それからはあっという間。走り幅跳びの成績で推薦も受けれたし、内申点も問題はなかった。
そして、今私は鳳瞭学園1年生として、ここに居る。
恋さんや彩花先輩はとっても喜んでくれて、桐生院先輩は完璧な紳士。月城さんの妹である海璃ちゃん、あとは相音くんと一緒のクラスで仲良くなれたのは本当に良かったなぁ。
片桐さんや早瀬さんは陸上部の先輩だけど、月城さん達とも知り合いだからか、とても優しいく接してくれる。それに兼任とはいえ、新聞部のメンバーとして、お花見やこの遠方取材なんかにも連れてきてもらって……鳳瞭に来て本当に良かった。
でもさ、上手くいかない事もるよね?
クラス皆や先輩達に馴染めるかなって不安も一気に無くなったんだけど……驚いたのは、恋さんと月城さんの関係。去年来た時は、何処となく牽制し合ってる様な、何処か噛み合わない部分もあってたはずなのに……それは2人の様子を見た瞬間分かっちゃった。
お互い……想い合ってるだって……
この1年の間に2人に何があったのかは分からないけど……それはもう、誰も入る余地が無い位だと思う。
でもさ、私だって頑張ったんだよ? 体育祭頑張って、海璃ちゃんにも協力してもらって、月城さんを烏山まで連れて来てさ? あわよくば既成事実を……

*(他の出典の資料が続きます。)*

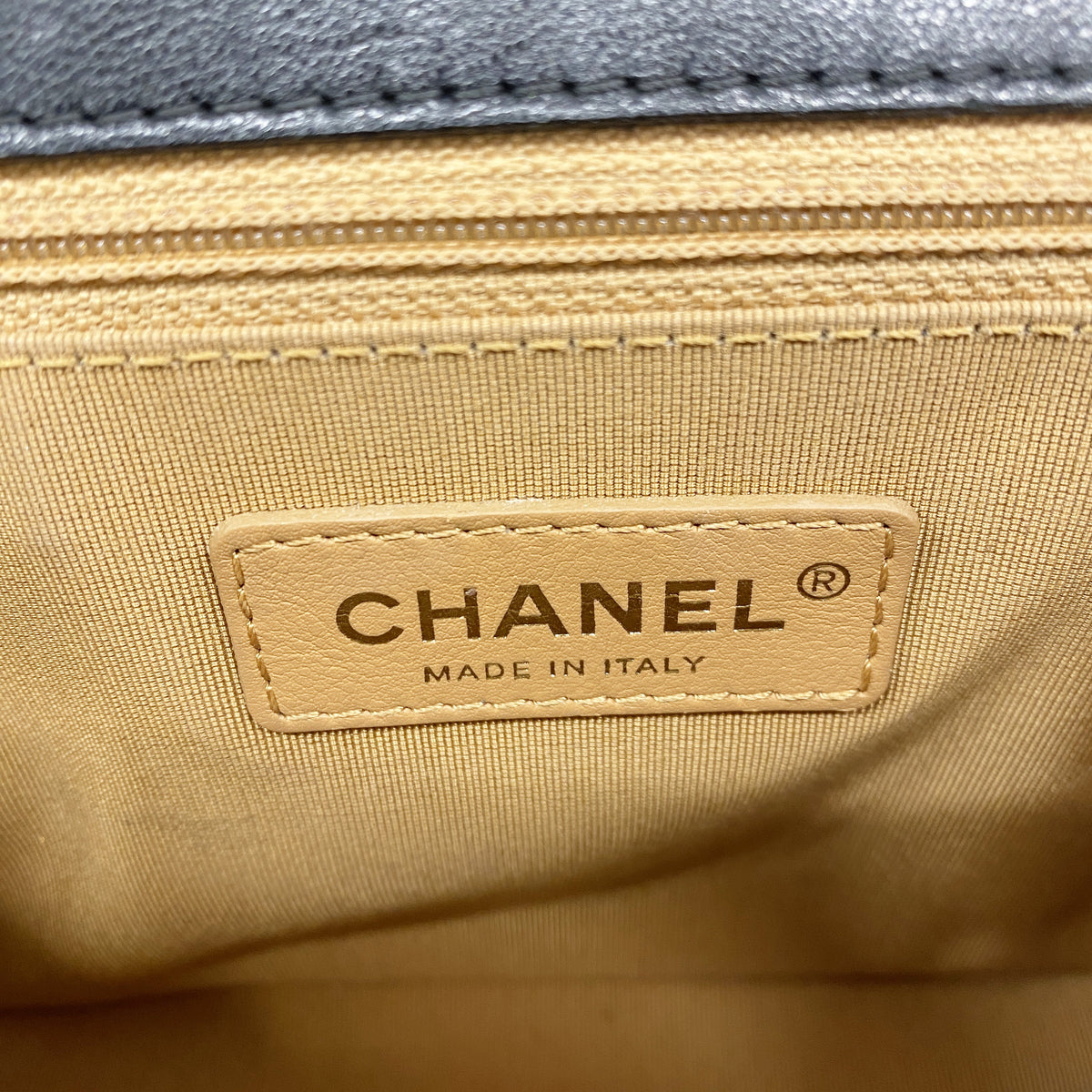 【6he5044-k】シャネル ハンドバッグ マトラッセ チェーンショルダー レザー ブラック ゴールド金具 2wayバッグ【中古】レディース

なんて考えてたけど、いざ本人を目の前にしたら無理だった。 だって、心の何処かに恋さんが居てさ? 恋さんの事笑顔で話してくるんだよ? めちゃくちゃ楽しそうにさ?
でもさ、諦めた訳じゃないよ?
『一月姉?』
『六月ちゃん? 何かしら?』
『私ね、もしかしたら一生独身かもしれない』
『六月ちゃん……?』
『あのね、好きな人がいるの。けど、その人は違う人と結ばれてる。でもね、諦めたくないの。だからその人以上の人が現れない限り……』
『……そうなのね。そんな事今から考える位の人なの?』
『うん。多分さ、その人を越える人とは出会えない気がするの。だからね、その時は一緒に……』
『一緒にお父さんに言ってあげるわよ』
『ありがとう、一月姉』
『ふふっ、でも羨ましいわ。そんな決意する位、素敵な人に既に出会ったなんて』
『本当? あの時勇気出して良かった』
『あの時? あぁ、でもね六月ちゃん……貴方はあれからずっと、変わり続けてるわよ?』
『変わり続けてる?』
『それは自分に聞いてみなさい?』
『えぇ、そんなぁ! 一月姉教えてよぉ』
『内緒です』
『ひっ、一月ねぇぇ?』
私はずっと待ってるって決めたんだ。2人の仲を切り裂くとかそんな事は考えてない。それは卑怯だもの。ただ何かしらが原因はで2人の距離が離れたなら、その時は一目散に間に入るよ?
でも、もちろん2人の事はとっても大事だから、2人の邪魔しようとする人が居たら容赦はしない。
その最有力候補が高梨さんだったんだけどね?
交換学習で来て、聞けば月城さんと幼馴染みとか? この辺は海璃ちゃんから聞いたから間違いないよ。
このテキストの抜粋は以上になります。